For our return home. . .
In 1992, I got to go back to my homeland Indonesia. There was a mission trip back to Indonesia that CBIM was doing. It was a developmental project and we would be working with Indonesian students on the Island of Kalimantan. At first it was just offered to Gil. They were looking for one more male to round out the group. I wanted him to go because at this point we were engaged and I thought he should experience Indonesia so that he would understand me and be able to get a grasp on what my growing up life had been like. When he went in to talk to Blair, Blair thought it would be good if I came too and we experience this trip together. So we raised some money and he made room to add one more person and I got to go home with Gil.
Our trip started with a few days of training and then we went to Kalimantan. We spent 7 weeks there building dormitories for kids who had to leave home to be able to attend school, and digging wells. Then the last two weeks my sister, friend from childhood, Gil and I got to return to Sulawesi, reconnect with the people we hadn't seen in over ten years, and for Gil to see where I grew up.
The first part of the trip was an eye opener for me. When we got off the plain my skin suddenly felt moist with the humidity and it was so thick that stepping off the plane the air actually catches in your throat. The other team members immediately felt warm and perhaps oppressed with it. I'm sure they were wondering if they would be able to get through the next seven weeks, but for me, it was warmth and familiar and my heart began to beat faster. I suddenly began to feel more alive than I had felt in a long time, my mind, my emotions, my heart suddenly started to whisper we're home, this is our land, this is our land.
The next weeks for me was awash in discovery. I was discovering a part of myself I had forgotten. As the language slowly came back to me, as I ate foods I hadn't tasted for over ten years, as I experienced a people that have a grace that I have not found elsewhere, she returned to me. It was memory, being comfortable in my skin, feeling at peace, alive and content.
For Gil the experience was far less poetic. It was an exercise in survival. He dropped 20 pounds, he sweat 24 hours a day and never did seem to find relief from the heat. He tried to keep up with understanding what was happening around him but the language barrier made that difficult. He coped as best as he could but Indonesia was not a paradise for him. Though he would tell me later how much he enjoyed seeing me in a light he had never seen, to see me comfortable and content he said was a gift to him.

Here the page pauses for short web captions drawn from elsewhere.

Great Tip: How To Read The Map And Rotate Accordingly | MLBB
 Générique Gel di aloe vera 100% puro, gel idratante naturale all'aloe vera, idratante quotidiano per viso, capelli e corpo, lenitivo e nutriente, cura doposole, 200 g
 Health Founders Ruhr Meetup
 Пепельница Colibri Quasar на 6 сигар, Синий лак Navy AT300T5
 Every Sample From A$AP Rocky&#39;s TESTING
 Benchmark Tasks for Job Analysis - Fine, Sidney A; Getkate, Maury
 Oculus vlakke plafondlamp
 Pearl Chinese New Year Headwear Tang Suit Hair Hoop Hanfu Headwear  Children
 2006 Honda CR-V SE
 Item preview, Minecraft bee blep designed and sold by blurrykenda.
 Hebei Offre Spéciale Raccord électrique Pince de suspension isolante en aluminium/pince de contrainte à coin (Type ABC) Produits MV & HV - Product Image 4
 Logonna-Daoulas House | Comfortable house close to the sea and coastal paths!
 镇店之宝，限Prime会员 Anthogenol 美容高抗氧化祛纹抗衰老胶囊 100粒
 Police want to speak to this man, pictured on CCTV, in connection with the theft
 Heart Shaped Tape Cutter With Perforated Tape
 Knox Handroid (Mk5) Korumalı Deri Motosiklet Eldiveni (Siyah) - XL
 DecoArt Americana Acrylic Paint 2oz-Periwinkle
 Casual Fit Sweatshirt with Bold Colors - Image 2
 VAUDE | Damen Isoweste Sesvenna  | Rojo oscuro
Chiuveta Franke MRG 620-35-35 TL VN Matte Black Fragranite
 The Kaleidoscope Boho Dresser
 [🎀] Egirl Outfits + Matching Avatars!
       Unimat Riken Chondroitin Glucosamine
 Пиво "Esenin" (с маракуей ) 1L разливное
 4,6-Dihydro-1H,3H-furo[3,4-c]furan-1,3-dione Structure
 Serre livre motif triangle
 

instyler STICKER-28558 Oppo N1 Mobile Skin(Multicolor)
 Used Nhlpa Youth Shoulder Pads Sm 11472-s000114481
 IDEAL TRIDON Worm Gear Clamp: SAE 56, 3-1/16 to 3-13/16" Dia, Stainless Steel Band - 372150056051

When we went back to my Islands it was more somber, to see how things had changed and yet how things are the same, it was heartbreaking as well as beautiful. It was here that I learned that Gil would never be able to move here and live her and I needed to make peace with that. It was also here that I said a final goodbye to my homeland. I still want to visit but the dream of returning to live died that year. However I feel blessed that I was able to show Gil that side of me, that I was able to enjoy those nine weeks, that I was able to learn who I really was, and to appreciate my history. I feel blessed that I was able to say good-bye and move forward with Gil without that wondering lingering in the back of my brain. I was able to make peace and that was an enormous gift.